What is an SLQ score?
SLQ is a domain-specific performance metric devised by researchers at
the Stanford Linear Accellerator (SLAC) to measure the performance of
predictions made for certain kinds of particle physics problems. SLQ
works with models that make continuous predictions on the interval
[0-1]. It breaks this interval into a series of bins. For the KDD-CUP
we are using 100 equally sized bins. The 100 bins are: 0.00-0.01,
0.01-0.02, ..., 0.98-0.99, 0.99-1.00.
PERF's SLQ option allows you to specify the number of bins. You
should use 100 bins for the KDD-CUP competition. For example under
unix:
perf -slq 100 < testdata
SLQ places predictions into the bins based on the predicted values.

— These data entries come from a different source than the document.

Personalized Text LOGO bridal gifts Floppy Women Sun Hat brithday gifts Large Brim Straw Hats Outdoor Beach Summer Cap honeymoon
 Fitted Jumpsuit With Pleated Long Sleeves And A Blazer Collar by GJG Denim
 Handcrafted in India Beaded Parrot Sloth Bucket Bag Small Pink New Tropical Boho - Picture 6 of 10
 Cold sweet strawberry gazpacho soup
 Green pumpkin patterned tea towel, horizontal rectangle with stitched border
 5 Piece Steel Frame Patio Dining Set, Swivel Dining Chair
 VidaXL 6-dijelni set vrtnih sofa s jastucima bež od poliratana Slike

If your model predicts a value of 0.025 for a case, that case will be
placed in the third bin 0.02-0.03. In each bin SLQ keeps track of the
number of true positives and true negatives. SLQ is maximized if bins
have high purity, e.g., if all bins contain all 0's or all 1's. This
is unlikely, so SLQ computes a score based on how pure the bins are.
The score is computed as follows: suppose a bin has 350 positives and
150 negatives. The error of this bin if we predict positives (the
predominant class) for all cases is 150/(350+150) = 0.30 = err. The
contribution of this bin to the total SLQ score is (1-2*err)^2, times
the total number of points in this bin divided by the total number of
points in the data set. Dividing by the size of the total data set
normalizes the score so that it is more independent of the size of the
data set. Multiplying by the number of points in the bin gives more
weight to bins that have more points, and less weight to bins with
fewer points. The term (1-2*err)^2 is maximized (= 1) when all points
in that bin are the same class, i.e., when the error due to predicting
the predominant class is minimized. This is somewhat similar to
measures of node purity in decision trees. The sum over the 100 bins
is maximized when the contribution of each bin (weighted by the number
of points in each bin) is maximized.
Collaborators at SLAC say that this is an important quantity for their
work. They want to find models that maximize it. Other than that, we
do not know exactly why the SLQ metric is defined this way. SLQ is a
domain-specific performance metric custom designed for this particular
class of problems.
Note that SLQ only cares about the purity in each node. A model would
have poor accuracy and ROC below 0.5 if you switch the labels used for
positive and negatives after training, but SLQ is insensitive to this.
Hope this helps!
June 8: Is there a bug in how PERF calculates APR (average precision)?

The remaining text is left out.